## TASK BRIEF
Reproduce exactly the lines of this material that begin at the line with "Housses de couette" and end at the line with "Enveloppes de sachets", both included. Omit the pictures and everything else.

## RECORDS
^^^^^^^^^^^^^^^^
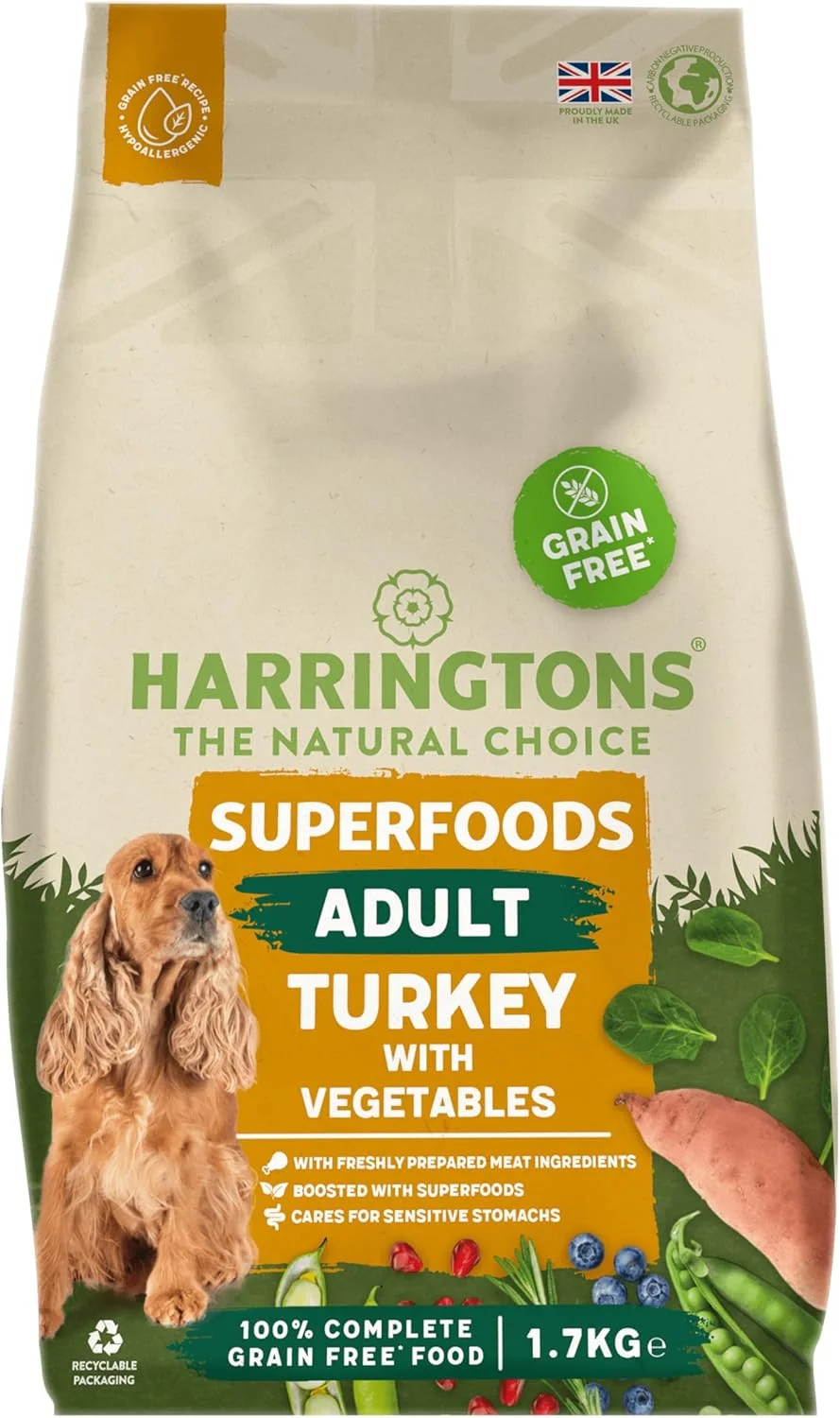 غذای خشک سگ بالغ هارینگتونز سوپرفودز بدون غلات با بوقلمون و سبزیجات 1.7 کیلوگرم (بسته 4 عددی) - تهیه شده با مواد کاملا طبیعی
^^^^^^^^^^^^^^^^
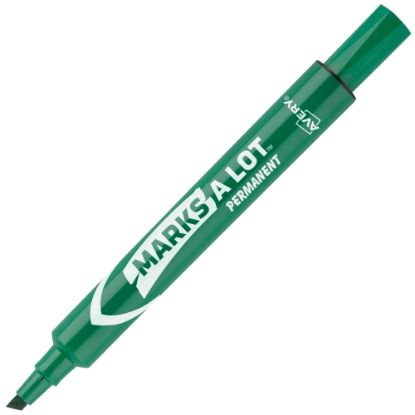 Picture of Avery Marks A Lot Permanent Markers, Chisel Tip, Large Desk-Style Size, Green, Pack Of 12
^^^^^^^^^^^^^^^^
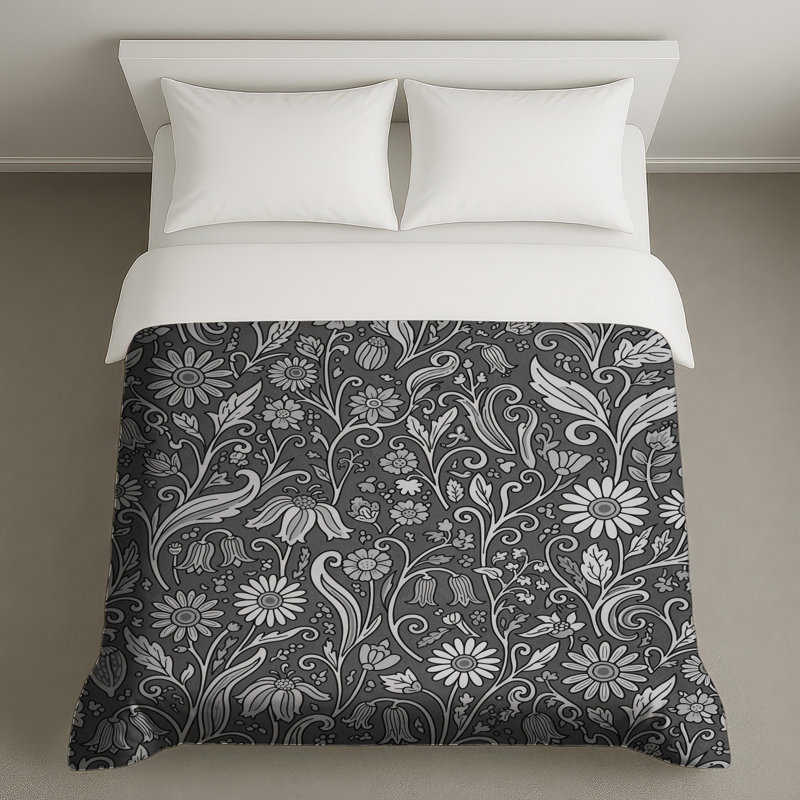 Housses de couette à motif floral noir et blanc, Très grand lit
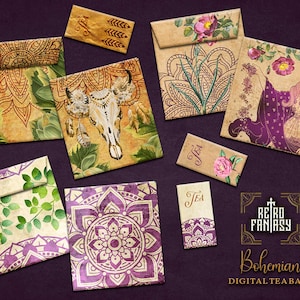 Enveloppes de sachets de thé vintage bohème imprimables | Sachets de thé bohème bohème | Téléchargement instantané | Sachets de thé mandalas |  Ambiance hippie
^^^^^^^^^^^^^^^^
## RESULT FOR THIS TASK
 Housses de couette à motif floral noir et blanc, Très grand lit
 Enveloppes de sachets de thé vintage bohème imprimables | Sachets de thé bohème bohème | Téléchargement instantané | Sachets de thé mandalas |  Ambiance hippie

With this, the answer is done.